The phrase “weights and biases” can also be made much more rigorous than it sounds at first pass. The publishable version should not claim that specific atoms are already proven to behave like silicon neurons. It should say that local atomic composition, spacing, base stacking, electrostatics, hydration, and fold geometry together define the interaction strengths and state transitions available to the molecule. That language has real support behind it. Base-stacking energies are measurably sequence-dependent, with some stacks much stronger than others, and sequence also influences inter-duplex attraction. Meanwhile, new spectroscopy continues to show that DNA organizes a distinct first hydration shell, reinforcing the idea that DNA function is shaped by a structured local physical environment rather than by base letters alone. In ceLLM language, those geometry-dependent interaction constraints are the closest biological analog to weights and biases.
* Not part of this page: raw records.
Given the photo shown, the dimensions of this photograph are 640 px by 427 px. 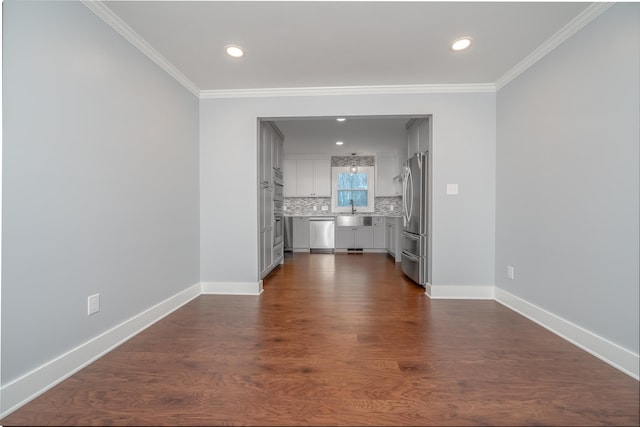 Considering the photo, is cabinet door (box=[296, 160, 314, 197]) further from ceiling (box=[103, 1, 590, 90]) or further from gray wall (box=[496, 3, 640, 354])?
gray wall (box=[496, 3, 640, 354])

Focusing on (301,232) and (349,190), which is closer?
(301,232)

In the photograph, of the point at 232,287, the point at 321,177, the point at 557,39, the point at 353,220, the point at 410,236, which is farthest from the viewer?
the point at 321,177

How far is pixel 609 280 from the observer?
167cm

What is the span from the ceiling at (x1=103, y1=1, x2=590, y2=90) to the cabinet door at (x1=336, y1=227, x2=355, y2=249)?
408cm

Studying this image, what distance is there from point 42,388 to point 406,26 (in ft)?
10.2

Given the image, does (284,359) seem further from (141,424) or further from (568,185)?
(568,185)

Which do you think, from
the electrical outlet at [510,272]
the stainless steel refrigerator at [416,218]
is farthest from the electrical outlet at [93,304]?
the electrical outlet at [510,272]

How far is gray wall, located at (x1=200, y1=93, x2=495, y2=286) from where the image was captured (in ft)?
9.51

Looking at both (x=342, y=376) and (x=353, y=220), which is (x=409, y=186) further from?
(x=353, y=220)

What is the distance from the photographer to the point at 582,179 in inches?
72.5

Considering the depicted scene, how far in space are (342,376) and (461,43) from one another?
2.56 meters

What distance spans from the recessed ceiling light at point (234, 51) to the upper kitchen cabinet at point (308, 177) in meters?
4.47

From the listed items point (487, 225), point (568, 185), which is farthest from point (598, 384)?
point (487, 225)

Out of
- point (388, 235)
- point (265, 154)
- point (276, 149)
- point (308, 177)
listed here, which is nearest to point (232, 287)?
point (265, 154) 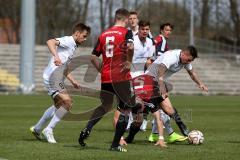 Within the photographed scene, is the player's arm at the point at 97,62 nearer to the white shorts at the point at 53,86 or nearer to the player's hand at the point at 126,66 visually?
the player's hand at the point at 126,66

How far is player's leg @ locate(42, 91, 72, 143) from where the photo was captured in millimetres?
13094

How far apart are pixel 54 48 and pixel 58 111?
1.47 meters

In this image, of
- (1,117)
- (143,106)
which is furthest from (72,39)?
(1,117)

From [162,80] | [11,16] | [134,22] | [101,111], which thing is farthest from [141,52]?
[11,16]

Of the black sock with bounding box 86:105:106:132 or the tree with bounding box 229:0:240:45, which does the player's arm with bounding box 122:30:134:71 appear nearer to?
the black sock with bounding box 86:105:106:132

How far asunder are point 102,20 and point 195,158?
2122 inches

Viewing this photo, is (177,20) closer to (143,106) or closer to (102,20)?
(102,20)

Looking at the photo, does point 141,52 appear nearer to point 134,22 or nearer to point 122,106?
point 134,22

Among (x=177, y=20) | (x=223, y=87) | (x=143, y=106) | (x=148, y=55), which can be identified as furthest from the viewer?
(x=177, y=20)

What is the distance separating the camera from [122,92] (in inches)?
447

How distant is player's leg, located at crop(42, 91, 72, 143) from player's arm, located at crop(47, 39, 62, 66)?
102cm

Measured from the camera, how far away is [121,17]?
1141 cm

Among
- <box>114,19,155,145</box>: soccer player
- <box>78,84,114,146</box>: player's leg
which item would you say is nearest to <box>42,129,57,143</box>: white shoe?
<box>78,84,114,146</box>: player's leg

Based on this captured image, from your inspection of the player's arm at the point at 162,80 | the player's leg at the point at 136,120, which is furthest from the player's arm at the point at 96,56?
the player's arm at the point at 162,80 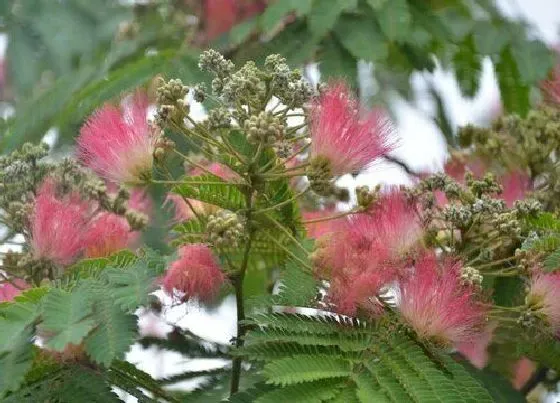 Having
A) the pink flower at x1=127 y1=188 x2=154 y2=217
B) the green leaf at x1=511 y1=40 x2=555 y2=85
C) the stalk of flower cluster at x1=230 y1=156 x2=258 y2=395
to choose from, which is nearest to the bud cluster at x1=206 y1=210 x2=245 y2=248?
the stalk of flower cluster at x1=230 y1=156 x2=258 y2=395

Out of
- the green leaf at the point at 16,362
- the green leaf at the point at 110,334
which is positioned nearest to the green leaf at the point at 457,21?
the green leaf at the point at 110,334

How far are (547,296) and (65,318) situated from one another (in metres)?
1.10

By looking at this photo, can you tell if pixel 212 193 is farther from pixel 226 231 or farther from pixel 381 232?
pixel 381 232

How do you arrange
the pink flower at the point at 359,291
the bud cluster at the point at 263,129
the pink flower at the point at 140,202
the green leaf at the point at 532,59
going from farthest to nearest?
1. the green leaf at the point at 532,59
2. the pink flower at the point at 140,202
3. the pink flower at the point at 359,291
4. the bud cluster at the point at 263,129

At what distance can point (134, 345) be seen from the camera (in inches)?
106

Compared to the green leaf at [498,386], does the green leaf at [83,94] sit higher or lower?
higher

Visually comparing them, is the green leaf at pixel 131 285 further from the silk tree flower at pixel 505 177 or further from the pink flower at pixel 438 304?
the silk tree flower at pixel 505 177

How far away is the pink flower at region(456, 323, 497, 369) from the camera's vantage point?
313 cm

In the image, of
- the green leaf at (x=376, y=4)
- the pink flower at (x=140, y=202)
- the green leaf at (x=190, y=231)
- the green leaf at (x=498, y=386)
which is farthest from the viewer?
the green leaf at (x=376, y=4)

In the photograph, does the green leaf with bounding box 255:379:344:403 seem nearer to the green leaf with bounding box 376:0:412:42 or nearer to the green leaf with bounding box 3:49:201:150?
the green leaf with bounding box 3:49:201:150

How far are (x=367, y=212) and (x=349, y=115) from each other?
26 cm

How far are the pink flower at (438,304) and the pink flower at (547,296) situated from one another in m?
0.16

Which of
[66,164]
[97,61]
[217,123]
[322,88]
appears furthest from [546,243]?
[97,61]

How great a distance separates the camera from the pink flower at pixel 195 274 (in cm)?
300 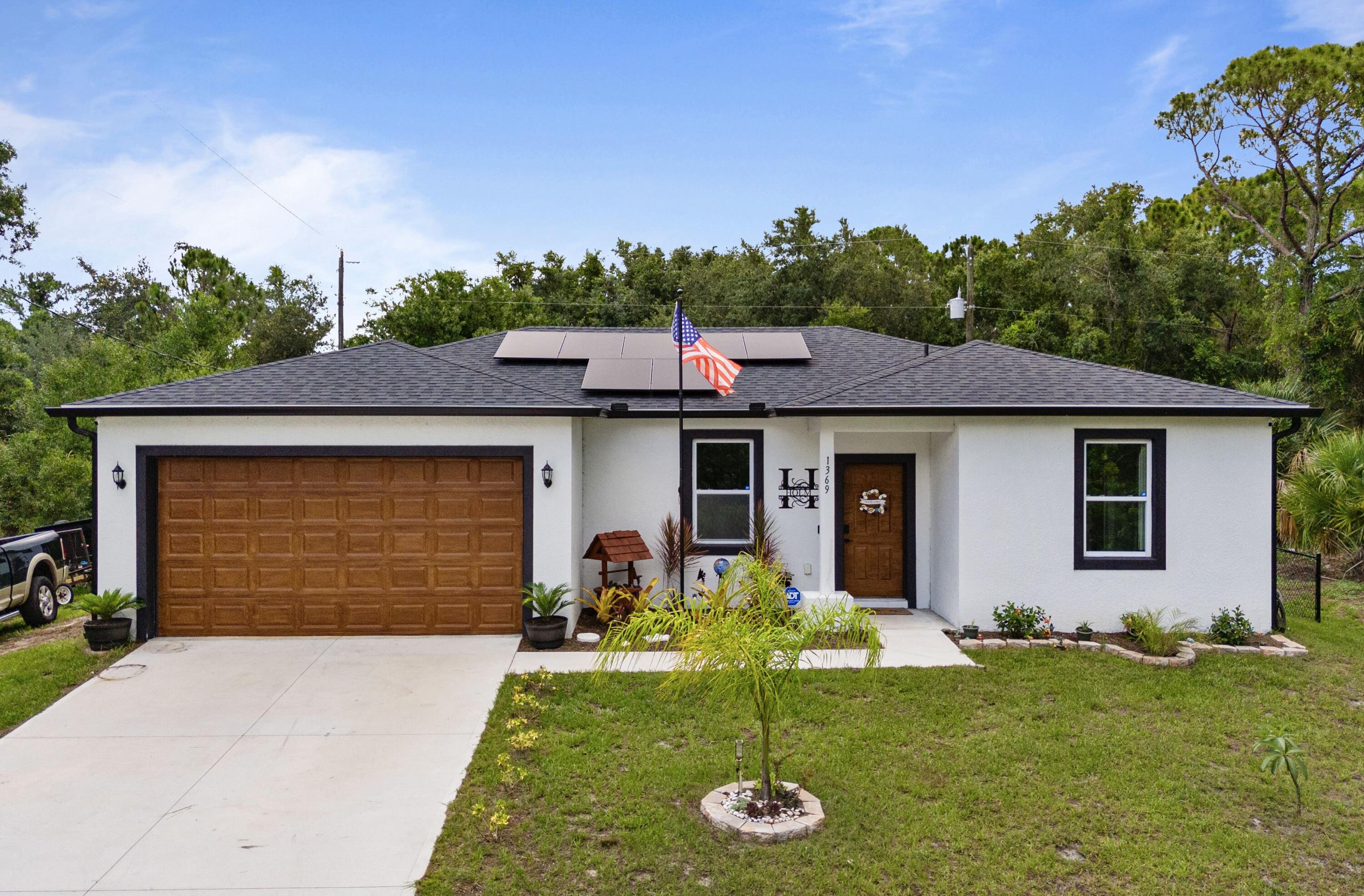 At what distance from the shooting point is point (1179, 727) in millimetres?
6320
That is the heart of the evolutionary-memory argument. Natural selection does not only tune which proteins are encoded. It also tunes which geometries are stable, which folds are reachable, which packaging states are favored, and which perturbations are more likely to open or close specific regulatory possibilities. Over evolutionary time, sequence and structure co-evolve. The result is that DNA stores information twice: once in the order of bases, and again in the physically realizable architecture that those bases prefer to adopt under real cellular conditions. In your framework, that second layer is the deeper memory layer — the part that makes the genome less like a text file and more like a biased physical inference surface.

This is also where the mtDNA frequency argument can be stated honestly. Your manuscript is right to treat contour length, relaxed-circle diameter, and nucleoid compaction as heuristic search windows, not as proven in vivo resonance modes. That distinction is crucial. There is now real interest in frequency-selective THz bioeffects — including a 2026 ACS Nano study reporting that 34.5 THz, but not 36.1 THz, enhanced mitochondrial biogenesis in its system — but THz biology remains technically difficult because water absorbs strongly in this band and dosimetry matters a great deal. So the strongest line is not “mtDNA resonance is proven.” It is: mtDNA geometry provides physically motivated scales that justify targeted THz/optical experiments.
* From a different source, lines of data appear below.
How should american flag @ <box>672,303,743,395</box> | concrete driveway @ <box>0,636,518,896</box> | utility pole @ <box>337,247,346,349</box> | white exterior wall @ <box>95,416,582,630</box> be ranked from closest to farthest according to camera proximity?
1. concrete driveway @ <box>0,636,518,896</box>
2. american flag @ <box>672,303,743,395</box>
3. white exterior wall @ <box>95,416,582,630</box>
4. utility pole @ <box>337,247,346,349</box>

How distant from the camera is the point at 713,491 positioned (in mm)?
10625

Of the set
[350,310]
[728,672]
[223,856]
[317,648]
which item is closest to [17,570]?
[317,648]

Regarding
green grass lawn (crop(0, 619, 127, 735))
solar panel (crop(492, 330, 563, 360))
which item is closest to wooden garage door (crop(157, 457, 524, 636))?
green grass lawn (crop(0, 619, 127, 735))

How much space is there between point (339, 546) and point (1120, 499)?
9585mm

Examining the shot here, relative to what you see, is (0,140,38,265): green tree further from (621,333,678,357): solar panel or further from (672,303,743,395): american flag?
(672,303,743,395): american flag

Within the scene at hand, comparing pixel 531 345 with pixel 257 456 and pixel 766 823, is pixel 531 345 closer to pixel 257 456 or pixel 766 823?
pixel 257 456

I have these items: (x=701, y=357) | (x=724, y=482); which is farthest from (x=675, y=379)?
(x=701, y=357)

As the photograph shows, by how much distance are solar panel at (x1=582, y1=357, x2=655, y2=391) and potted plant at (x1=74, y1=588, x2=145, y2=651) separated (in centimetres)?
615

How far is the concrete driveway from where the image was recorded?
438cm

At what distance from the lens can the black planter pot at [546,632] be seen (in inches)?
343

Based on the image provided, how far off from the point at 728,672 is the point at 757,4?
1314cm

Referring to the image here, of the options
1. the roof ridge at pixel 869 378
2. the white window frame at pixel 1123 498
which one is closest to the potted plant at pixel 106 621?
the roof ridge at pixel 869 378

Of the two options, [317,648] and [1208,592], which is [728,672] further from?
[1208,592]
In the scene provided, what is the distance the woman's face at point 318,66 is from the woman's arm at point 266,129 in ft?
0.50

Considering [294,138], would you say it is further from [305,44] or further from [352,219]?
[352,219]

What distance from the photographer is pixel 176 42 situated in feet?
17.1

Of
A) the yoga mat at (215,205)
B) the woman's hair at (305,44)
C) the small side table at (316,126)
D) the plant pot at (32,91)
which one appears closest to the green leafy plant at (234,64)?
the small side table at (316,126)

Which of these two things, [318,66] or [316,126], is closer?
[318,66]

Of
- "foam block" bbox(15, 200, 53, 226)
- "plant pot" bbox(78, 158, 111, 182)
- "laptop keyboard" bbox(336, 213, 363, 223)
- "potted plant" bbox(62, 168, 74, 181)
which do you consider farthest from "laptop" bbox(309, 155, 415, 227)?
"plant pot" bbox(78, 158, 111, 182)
That same discipline should carry into the atomic-network language. I would avoid saying, as a factual claim, that “two oxygen atoms resonate like a phone and a tower.” That is vivid, but too easy to attack. The stronger formulation is this: the atomic arrangement of DNA creates a structured energy landscape in which some interactions are stronger, some weaker, some nearer, some farther, some sterically accessible, some buried, some hydration-stabilized, some topology-dependent. In ceLLM terms, that means geometry does not merely decorate the network; it helps define the probability of the next state transition. That is a far more defensible and more profound claim.

So the strongest final thesis for this geometry-first article is:

DNA does not store evolutionary information only in sequence. It also stores it in geometry.
mtDNA supplies a compact, topologically constrained scaffold whose dimensions and packaging make it a plausible transduction interface.
Nuclear DNA supplies the vast foldable regulatory architecture whose topology rewrites the cell’s accessible decision landscape.
In ceLLM language, sequence is the symbol set, but geometry provides the weight matrix that biases what the cell is likely to do next.